Microneedle arrays (MNAs) are a promising way of delivering vaccines into the body. They are nearly pain-free and can penetrate a substantial portion of the skin, which is considered an excellent place to inject vaccines because of the skin’s sensitive and very reactive immune network. Injecting small amounts of a vaccine strategically into the skin can, therefore, produce a significantly more intense immune response than that created using conventional hypodermic needles.
A team at the University of Pittsburgh School of Medicine have now developed a microneedle array patch that can carry live or attenuated viral vectors, as well as adjuvant compounds to boost vaccine effectiveness. The patch is very impressive at activating a strong immune response.
The patch has 400 nearly microscopic needles that are made from sugar mixed with the viral vectors and adjuvant that are required for the application. When pressed against the skin, reportedly the patch feels just like touching a piece of Velcro. The needles punch through the upper layer of the skin where they absorb fluids from the skin that cause them to dissolve and the vaccine compounds within to begin their activity within the body. The researchers believe that this approach should improve the cellular immune response to vaccinations.

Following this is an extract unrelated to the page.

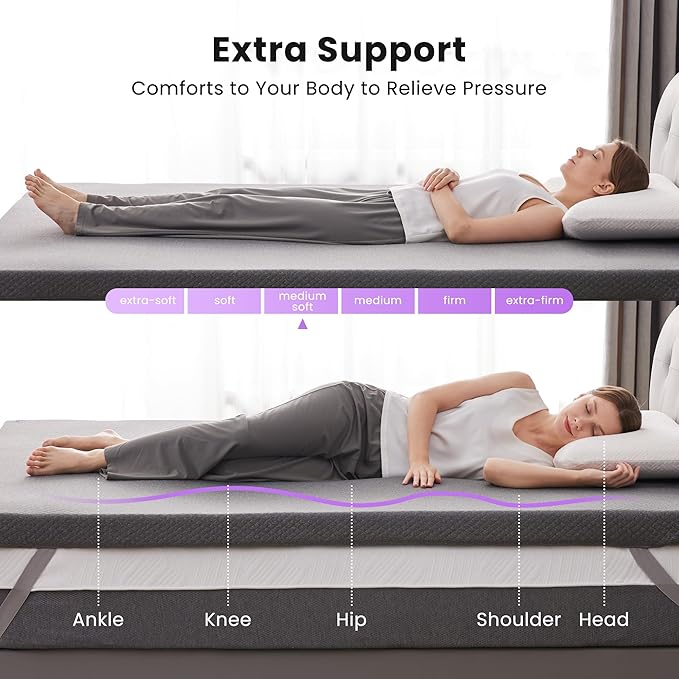 SINWEEK 2 Inch Gel Memory Foam Mattress Topper Queen Size, Pad for Back Pain, Bed Topper with Removable Soft Cover, CertiPUR-US Certified,Grey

“We are developing this new delivery technology because while traditional vaccines are often effective in inducing antibody responses, they frequently fail to generate the cellular responses that are essential to prevent or treat many cancers or infectious diseases,” said Louis D. Falo, Jr., MD, PhD, lead author of the study appearing in Journal of Investigative Dermatology, in an Elsevier press release.
The researchers demonstrated their approach by utilizing a live adenovirus-encoded antigen combined with polyinosinic:polycytidylic acid (poly I:C), an immunostimulant, to generate a large production of antibodies and a strong cellular immune response in laboratory mice.
“Remarkably,” added Dr. Falo, “the MNA vaccine platforms incorporating both antigen-encoding adenovirus and poly I:C augmented the destruction of targeted cells significantly compared to MNA-delivery of the same adenovirus alone.”
The researchers claim that in addition to a better immune response, their patches are cheap to manufacture, easy to integrate with other vectors, and can be stored for extended periods of time.
The researchers also found that the MNAs integrating both poly I:C and adenovirus retained their immunogenicity after one month of storage at 4⁰ C. MNA-delivered vaccines also have advantages in their ease of fabrication, application, and storage compared with other vaccine delivery platforms.
“Our results suggest that multicomponent MNA vaccine platforms uniquely enable delivery of both adjuvant and antigen-encoding viral vectors to the same skin microenvironment, resulting in improved immunogenicity including cellular immune responses,” added Dr. Falo. “This MNA delivery approach could improve the effectiveness of adenoviral vaccines now in development for the prevention of coronavirus disease (COVID-19).”
Study in Journal of Investigative Dermatology: Improved cutaneous genetic immunization by microneedle array delivery of an adjuvanted adenovirus vaccine.